Which gave me idea that once we have this, there is no point to the gradual reduction of momentum that is embedded into FISTA through the parameter t. If the momentum reduction on overshot gets taken care off as described above, there is no point in shrinking the momentum otherwise.

And then I've thought of applying the same logic to estimating the training rate. I've been thinking about the Adam method that I've linked to in a recent post, and it doesn't really solve the issue with the training rate. It adjusts the rate between the different dimensions but it still has in it a constant that essentially represents the global training rate. In their example they had just come up with this constant empirically, but it would be different for different problems, and how do we find it? It's the same problem as finding the simple raining rate. The sign change detection to the rescue.

After all, what happens when the too-high rate starts tearing the model apart? The rate that is too high causes an algorithm step to overshoot the minimum. And not just overshoot but overshoot it so much that the gradient grows. So on the next step it overshoots back even more, and the gradient grows again, and so on, and so on, getting farther from the minimum on each step. And the momentum methods tend to exacerbate this problem.

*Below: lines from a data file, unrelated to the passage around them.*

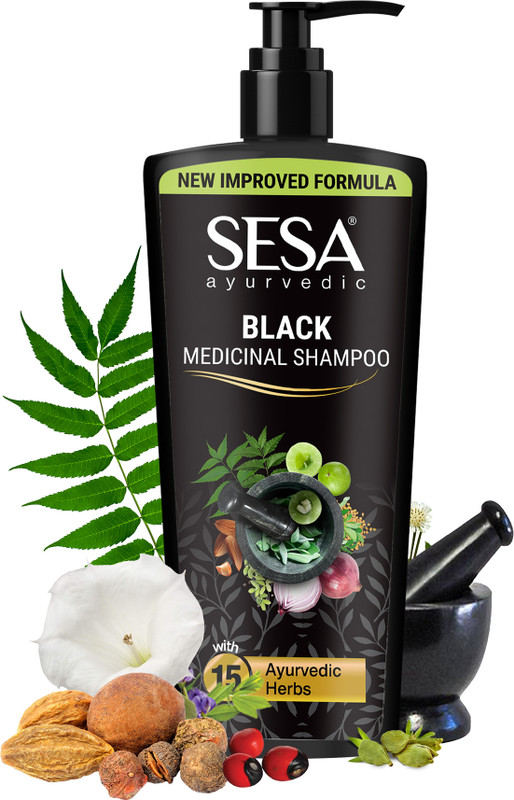 SESA Ayurvedic Shampoo for Hair Fall Control With Bhringraj and 15 Natural Herbs(500 ml)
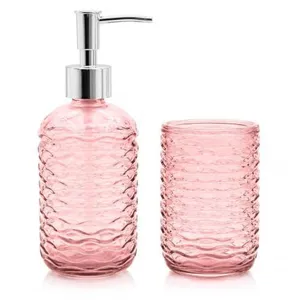 Kit para Banheiro 2 Peças em Vidro | Rosa
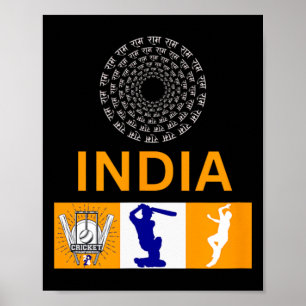 Póster Camiseta de críquet de la India Críquet de la Indi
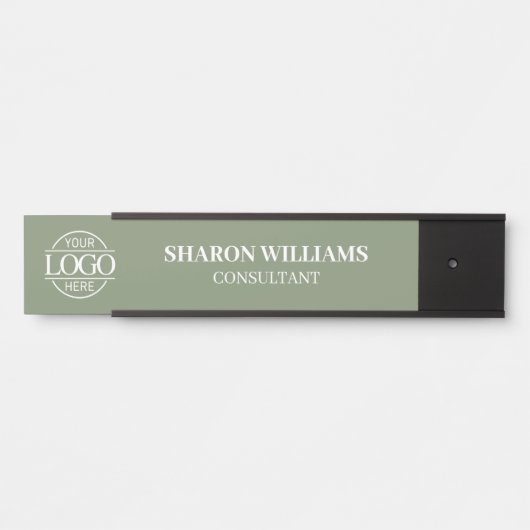 Interchangeable Sage Green Custom Business Logo  Deurbordje (Voorkant)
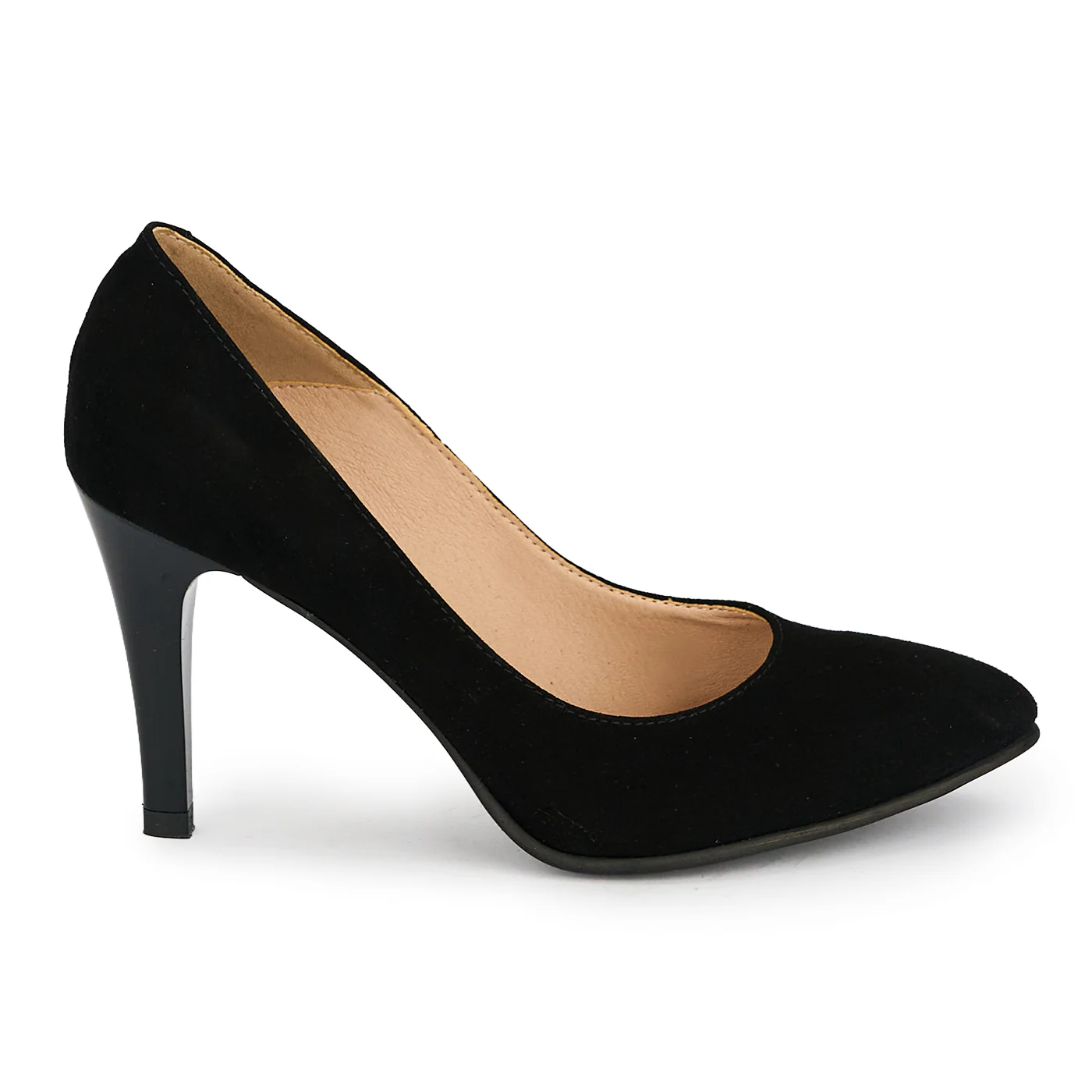 Pantofi din piele naturala neagra cu toc subtire 9 cm 19356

So if we detect the dimensions that change sign, and see if the gradient in them grows, and by how much, and how it compares with the gradient in the dimensions that didn't change sign, we'd be able to detect the starting resonance and dampen it by reducing the training rate. I've tried it, and it works very well, check out https://sourceforge.net/p/triceps/code/1792/tree/, it's the FloatNeuralNet option autoRate2_. So far the tunables for it are hardcoded, and I think that I've set them a bit too conservatively, but all together it works very well, producing a little faster training than I've seen before, and without the meltdowns. 

Another thing I've changed in the current version is the logic that pushes the rarely-seen unusual cases to be boosted for a better recognition. It previously didn't work well with the momentum methods, because it was changing the direction of the gradient drastically between the passes. I've changed it to make the boosting more persistent between the passes, and instead of shrinking the gradients of the correct cases, to gradually grow the representation of the incorrect cases, expanding their gradients. It's still a work in progress but looks promising.

Oh, and BTW, one thing that didn't work out was the attempt to boost similarly the cases that give the correct answer by having the highest output point to the right digit but do this at a very low confidence, so that even the best output is below 0 (and sometimes substantially below 0, something like -0.95). All I could do was shrink the percentage of such cases slightly, from about 17.5% to about 16.5%. And I'm  not sure what can be done about it. I guess it's just another manifestation of a great variability of handwritten characters. Maybe it could be solved by vastly growing the model size and the training set, but even if it could, it would be nice to find some smarter way. Perhaps a better topological representation of the digits instead of a plain bitmap would do the trick but I don't know how to do it. One of the theories I've had was that it's caused by a natural trend towards negative numbers, because in each training case we have one output with 1 and nine outputs with -1. So it we changed the negatives to say -0.1, that would pull the numbers higher. But that's not a solution either, it just moves the average up, diluting strength of the negatives.